Further improvements by Landau, Myers, and Schmidt  give an O(s2 + max(m,n)) time algorithm.

## Applications

Edit distance finds applications in computational biology and natural language processing, e.g. the correction of spelling mistakes or OCR errors, and approximate string matching, where the objective is to find matches for short strings in many longer texts, in situations where a small number of differences is to be expected.

Various algorithms exist that solve problems beside the computation of distance between a pair of strings, to solve related types of problems.

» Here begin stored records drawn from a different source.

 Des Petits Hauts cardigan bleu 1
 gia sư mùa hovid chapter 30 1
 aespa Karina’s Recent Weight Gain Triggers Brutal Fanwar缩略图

• Hirschberg's algorithm computes the optimal alignment of two strings, where optimality is defined as minimizing edit distance.
• Approximate string matching can be formulated in terms of edit distance. Ukkonen's 1985 algorithm takes a string p, called the pattern, and a constant k; it then builds a deterministic finite state automaton that finds, in an arbitrary string s, a substring whose edit distance to p is at most k (cf. the Aho–Corasick algorithm, which similarly constructs an automaton to search for any of a number of patterns, but without allowing edit operations). A similar algorithm for approximate string matching is the bitap algorithm, also defined in terms of edit distance.
• Levenshtein automata are finite-state machines that recognize a set of strings within bounded edit distance of a fixed reference string.

## Language edit distance

A generalization of the edit distance between strings is the language edit distance between a string and a language, usually a formal language. Instead of considering the edit distance between one string and another, the language edit distance is the minimum edit distance that can be attained between a fixed string and any string taken from a set of strings. More formally, for any language L and string x over an alphabet Σ, the language edit distance d(L, x) is given by$d(L,x)=\min _{y\in L}d(x,y)$ , where $d(x,y)$ is the string edit distance. When the language L is context free, there is a cubic time dynamic programming algorithm proposed by Aho and Peterson in 1972 which computes the language edit distance. For less expressive families of grammars, such as the regular grammars, faster algorithms exist for computing the edit distance.

Language edit distance has found many diverse applications, such as RNA folding, error correction, and solutions to the Optimum Stack Generation problem.